What this task involves: Would you print only the lines running from the one with "Hand Painted Abstract" to the final line of the data below, word for word and without pictures?

(Scraped caption text data)

┄┄┄┄┄┄┄┄┄┄

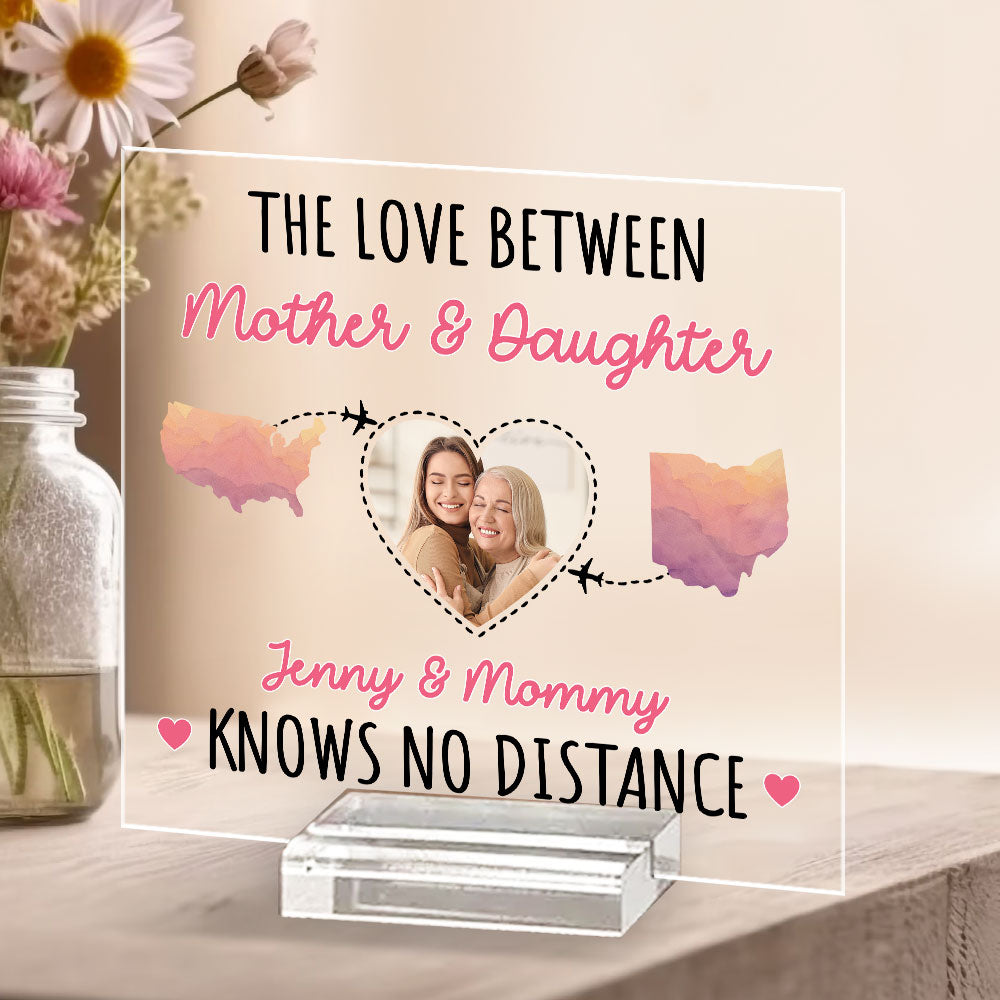 The Love Between Mother And Daughter - Personalized Custom Acrylic Plaque With Base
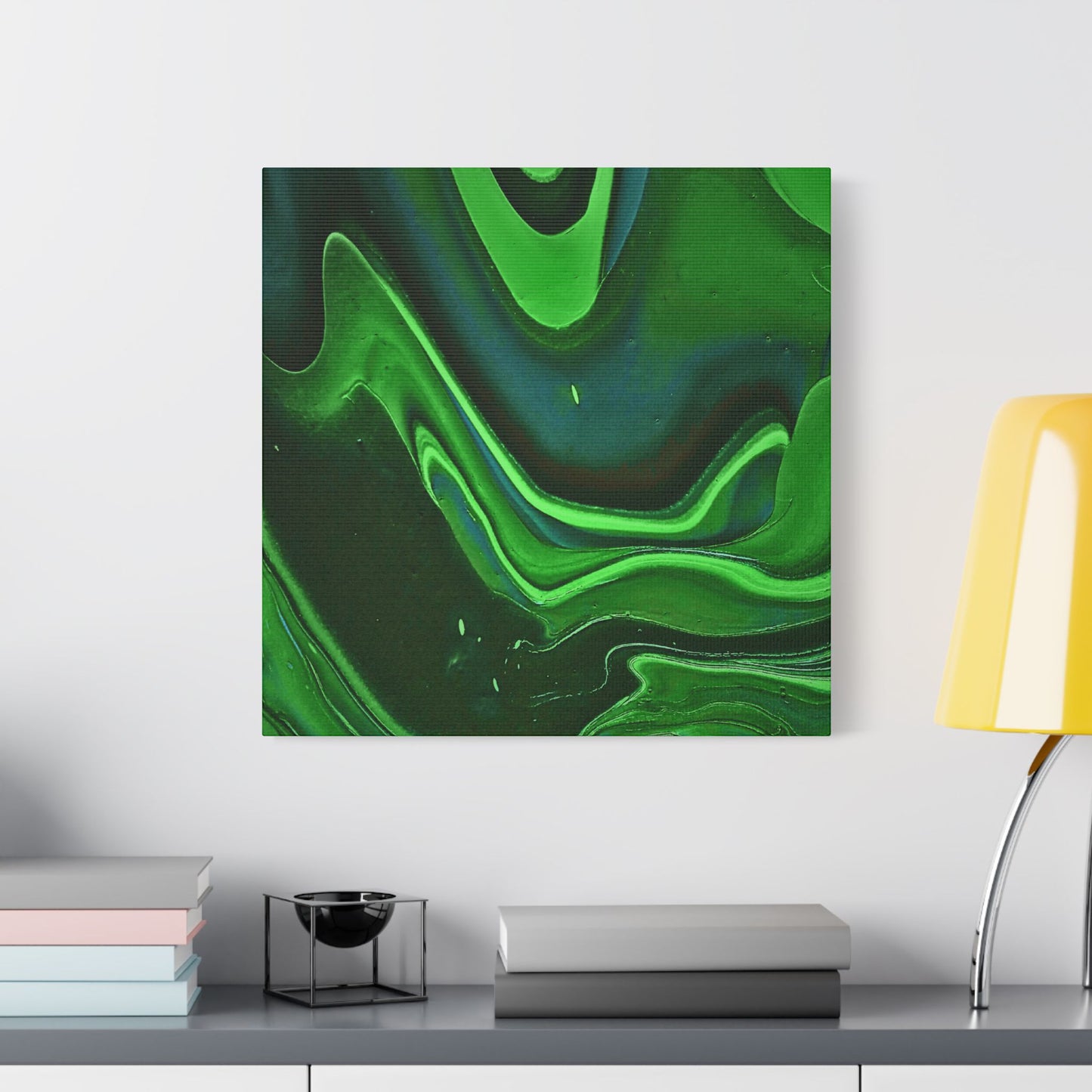 Hand Painted Abstract Green Fluid Art Satin Stretched Canvas Wall Art Print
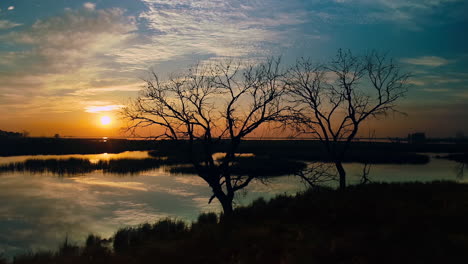 aerial shot during a peaceful sunset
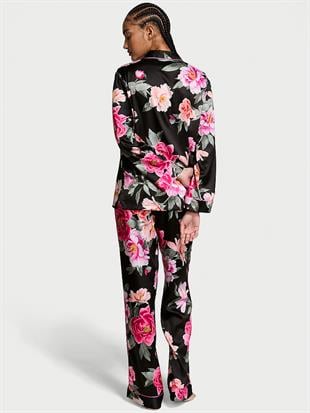 Victorias Secret Fashion Show 24 Parlak Saten Uzun Pijama Takımı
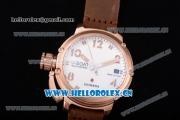 U-Boat Chimera Automatic Asia ST25 Automatic Rose Gold Case White Dial Brown Leather Strap and Arabic Number Markers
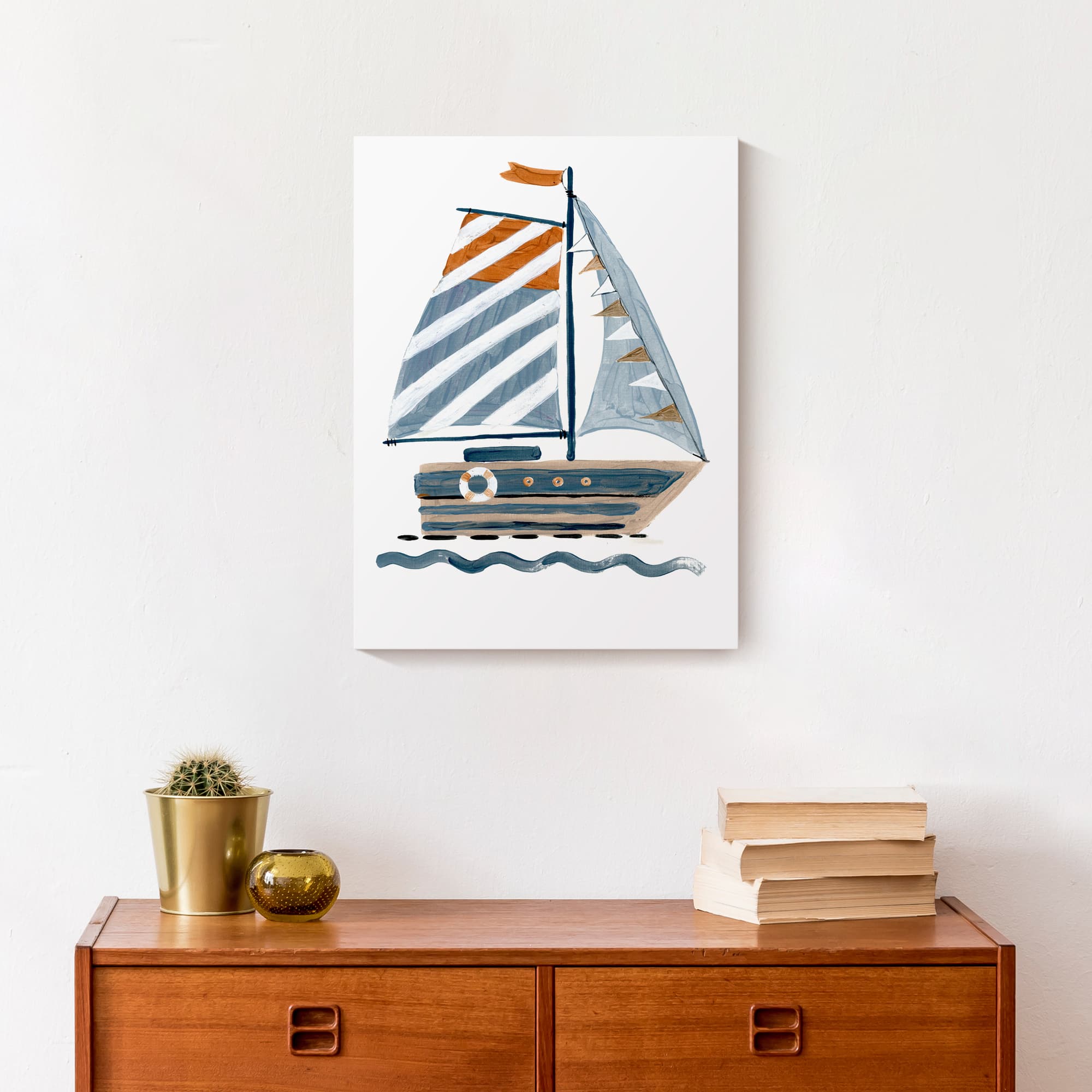 Striped Sailboat 12&#x22; x 16&#x22; Canvas Wall Art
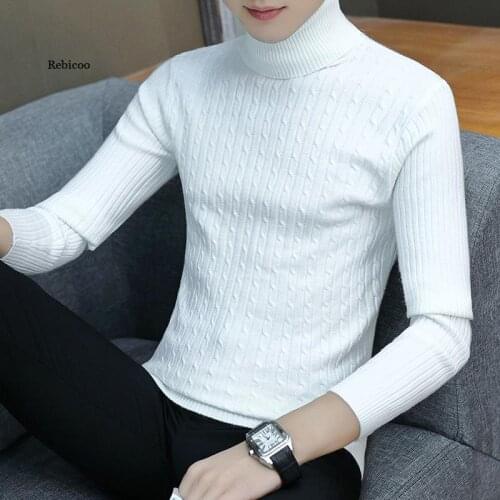 Winter Warm Turtleneck Sweater Men Fashion Christmas Sweaters Knitted Mens Sweaters Casual Trendy Male Slim Fit Pullover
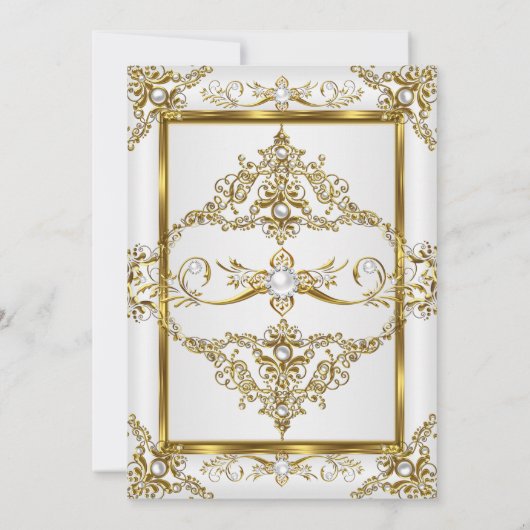 金ゴールドエレガントホワイトパールダマスクフォト誕生日4a 招待状 (裏面)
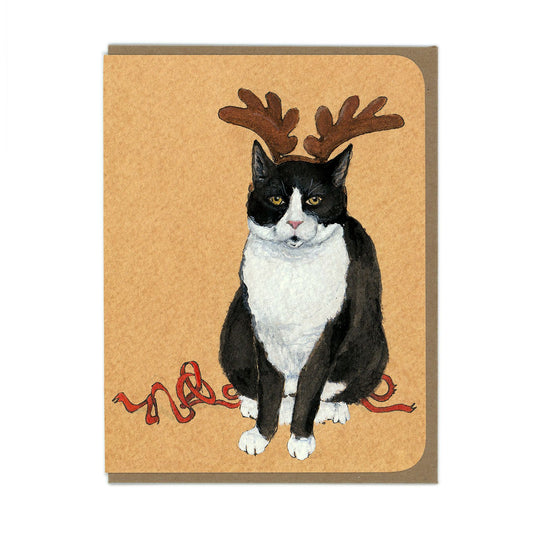 HOLIDAY Cat Raindeer - Greeting Card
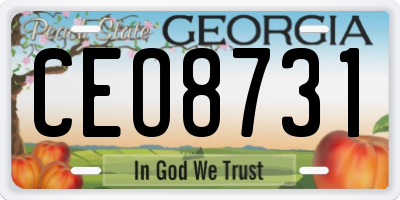 GA license plate CEO8731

┄┄┄┄┄┄┄┄┄┄

Response:
 Hand Painted Abstract Green Fluid Art Satin Stretched Canvas Wall Art Print
 aerial shot during a peaceful sunset
 Victorias Secret Fashion Show 24 Parlak Saten Uzun Pijama Takımı
 U-Boat Chimera Automatic Asia ST25 Automatic Rose Gold Case White Dial Brown Leather Strap and Arabic Number Markers
 Striped Sailboat 12&#x22; x 16&#x22; Canvas Wall Art
 Winter Warm Turtleneck Sweater Men Fashion Christmas Sweaters Knitted Mens Sweaters Casual Trendy Male Slim Fit Pullover
 金ゴールドエレガントホワイトパールダマスクフォト誕生日4a 招待状 (裏面)
 HOLIDAY Cat Raindeer - Greeting Card
 GA license plate CEO8731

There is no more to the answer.